В 1957 году, после известного XX съезда, одна из его непонятливых учениц, оказавшаяся в окружении нигилистически настроенных по отношению к революции людей (впоследствии она эмигрировала в США), сказала Долинину, что революция — «это был кошмар, ужас, кровь, насилие, несправедливость, страдания миллионов и торжество горсточки властолюбцев… это было страшной ошибкой». Долинин «ушел не простившись» и ответил ученице в письме так:
«Меня до глубины души возмущают Ваши слова — „это было ошибкой“ — о колоссальных потрясениях, которые захватили миллионы… видите ли — миллионы проливали кровь… совершали подвиги, голодали и верили… — и все это было ошибкой? Да? Стыд и позор Вам и всем Вашим друзьям, пустым и опустошенным, ибо они не чувствуют, что такое веление судеб». Ученица Долинина написала впоследствии, уже в 1991 году, по поводу этих слов, что «спустя сорок лет после революции Долинин все еще оставался верующим мечтателем».
Это всецело ложный приговор, ибо «мечтателями» следует, напротив, назвать как раз тех, кто, подобно сей ученице, «верит» в возможность некоей иной жизни, где нет битвы дьявола с Богом, тех, кто «не чувствует веления судеб», действия неотвратимого Рока, который был осознан людьми еще в античную эпоху. Впрочем, это даже и не «мечтательность», а, как совершенно верно написал Долинин, — «опустошенность» душ.
Если считать крайние обострения «битвы дьявола с Богом» прискорбными «ошибками», придется, если быть последовательным, вычеркнуть из истории человечества самые яркие и общепризнанные великими эпохи, например эпоху Возрождения, которая наиболее глубоко воссоздана в шекспировском творчестве.
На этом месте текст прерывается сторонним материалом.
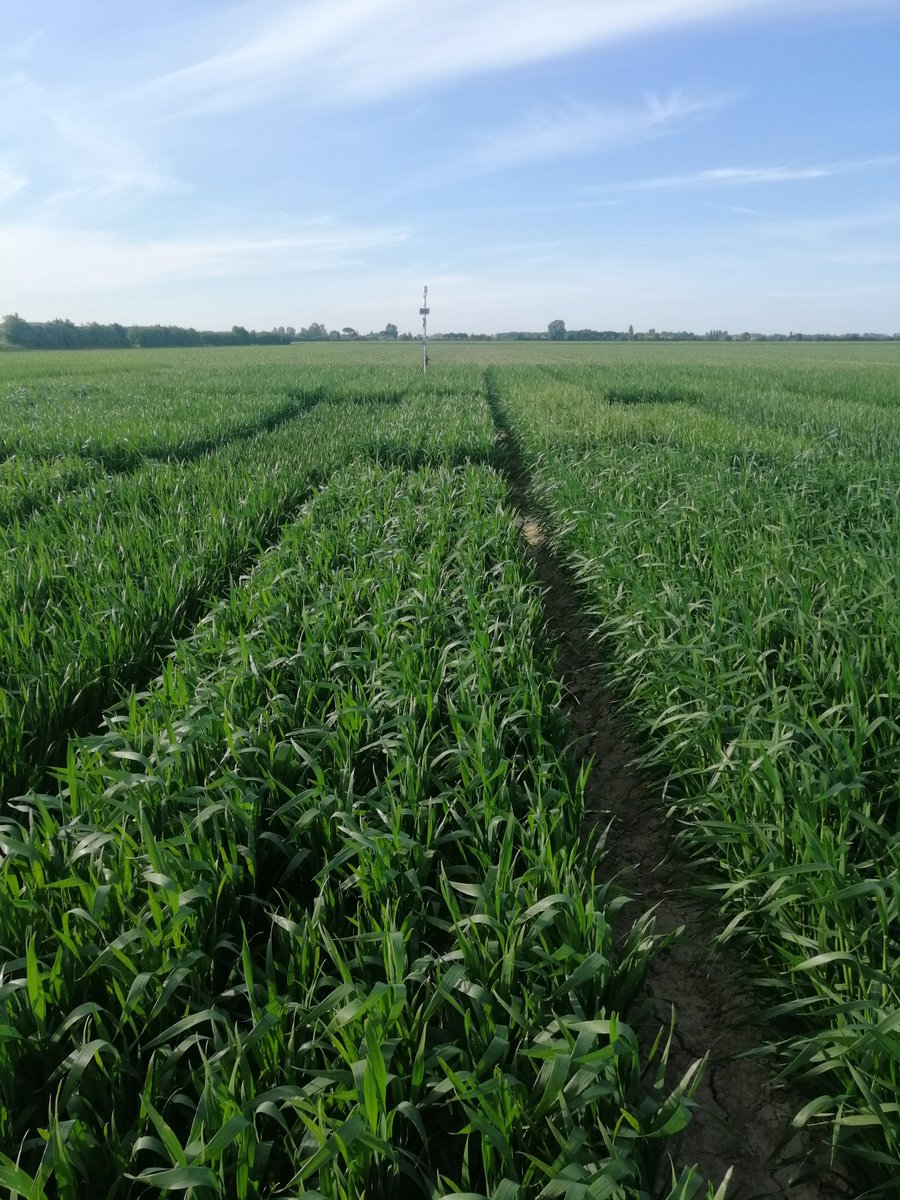 We ran harmonised VCU trials in different European locations for three cropping seasons, and collected data on crop and the field environment

#InnoVar_EU, #H2020, #VarietyTesting #Phenomics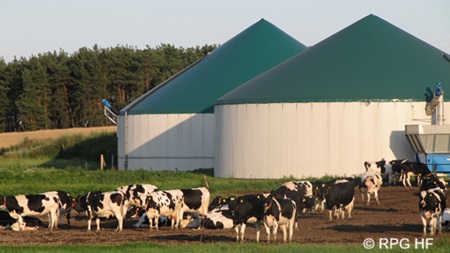Biogasanlage mit Kühen im Vordergrund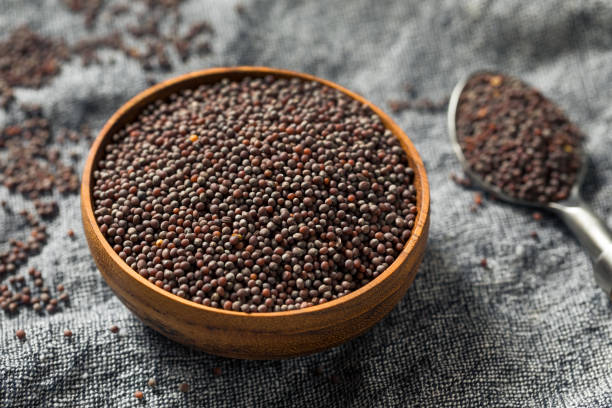 istock Raw Organic Brown Mustards Seeds 1168279138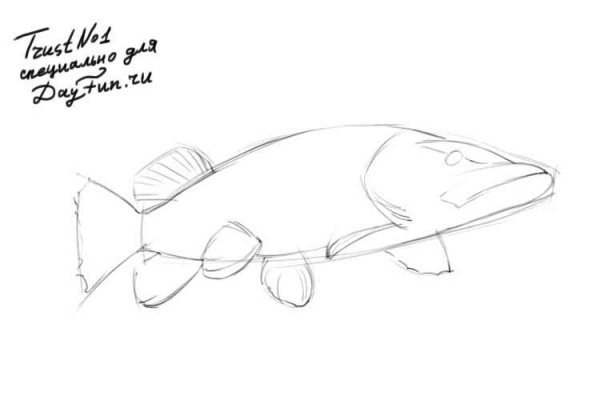 Поэтапное рисование щуки
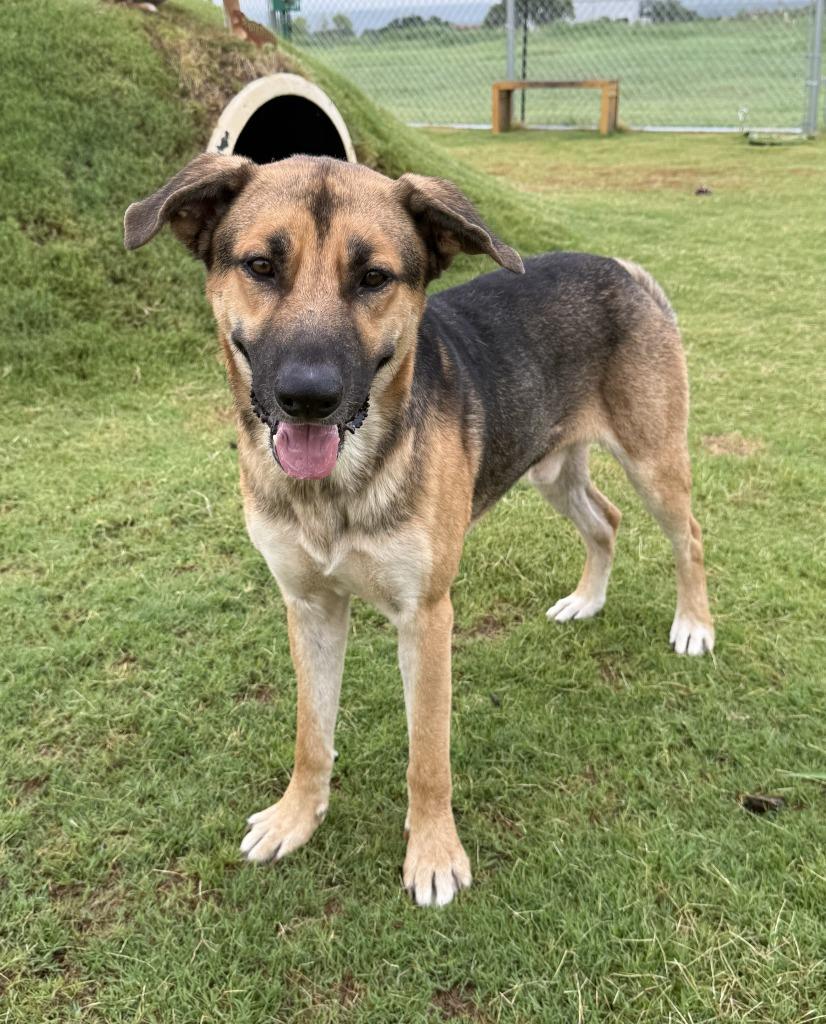 Enlarge Duke, a Adoptable mixed breed in Glen Rose, TX image 2/4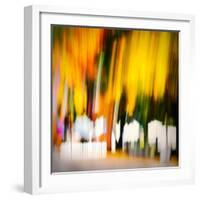 White Picket Fence-Ursula Abresch-Framed Photographic Print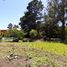  Land for sale in General Pueyrredon, Buenos Aires, General Pueyrredon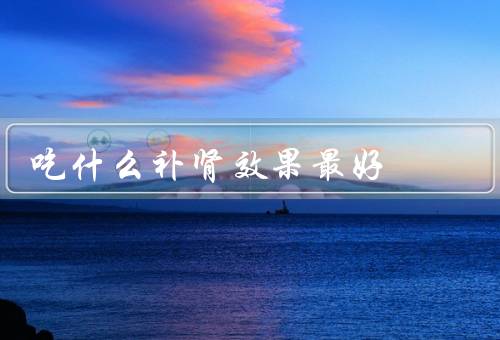 吃什么补肾效果最好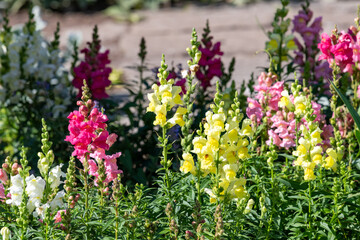Snapdragon (antirrhinum) flowers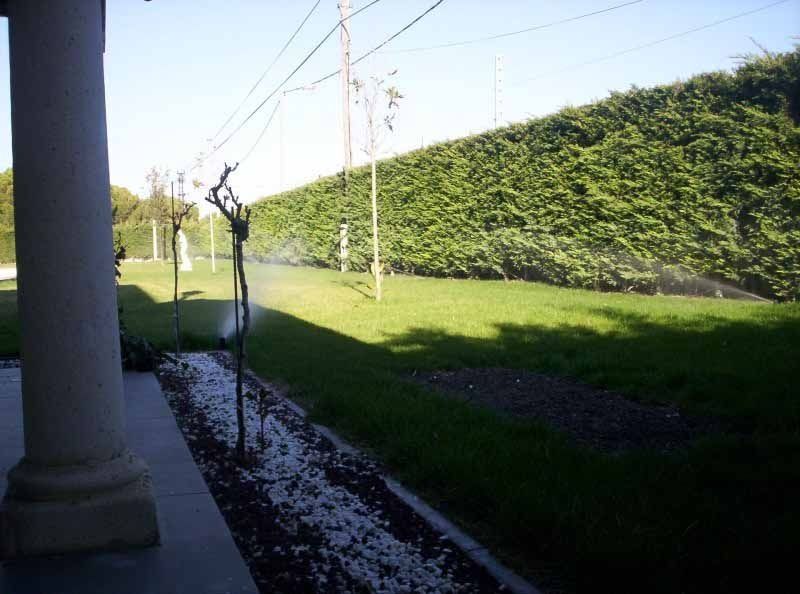 Un aspersor de césped está rociando agua sobre un exuberante campo verde.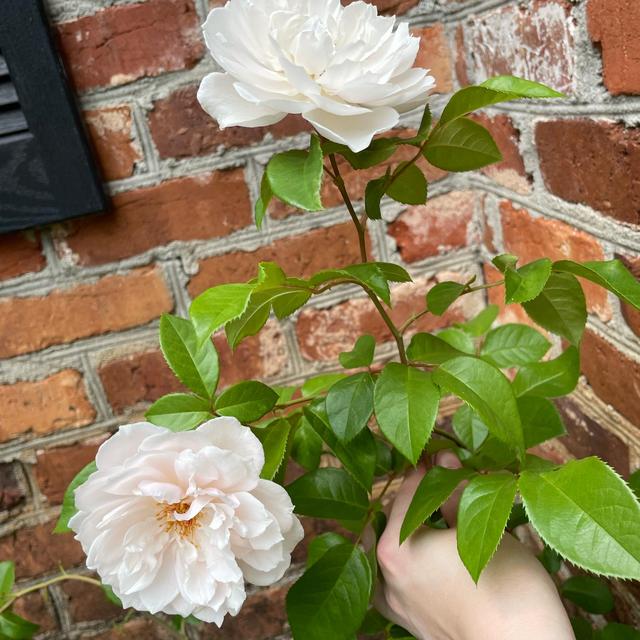 House and Garden Fund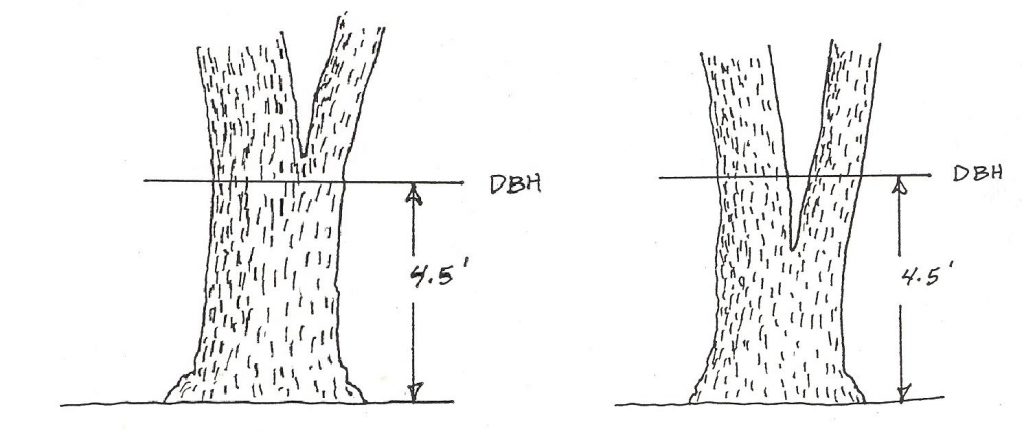 graphic showing forking above and below dbh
Высоко почитаемый сегодня философ А. Ф. Лосев резко сказал о целой горе «трупов, которой кончается каждая трагедия Шекспира» (как и «Тихий Дон»).
Но — что поделаешь! — трагическое есть высшее и безусловно прекрасное воплощение человека, способного во имя своего, пусть даже заведомо иллюзорного устремления по своей воле пойти на смерть. И именно об этом — «Тихий Дон». Причем особенное его величие в том, что трагическое содержание воссоздано (во многом впервые в истории искусства) в бытии самых простых, как говорили в старину, «простонародных», героев.
За полвека до рождения «Тихого Дона» Толстой, как заметил Петр Палиевский, словно предсказал это рождение, утверждая, что основная предшествующая «линия» русской литературы, высоко вознесенная Пушкиным, переживает «упадок». «Мне кажется, — добавил Толстой, — что это даже не упадок, а смерть с залогом возрождения в народности… Другая линия пошла в изучение народа и выплывет, Бог даст… Счастливы те, кто будет участвовать в выплывании».
87
Цит. по газете «Русский голос» (Нью-Йорк) от 5 сентября 1991 г. Теперь усматривают нечто «принижающее» Шолохова в самом факте его общения со Сталиным, как бы закрывая при этом глаза на сталинские разговоры с Булгаковым или Пастернаком, не говоря уже о безмерных восхвалениях Сталина в публичных выступлениях Бабеля или Эренбурга.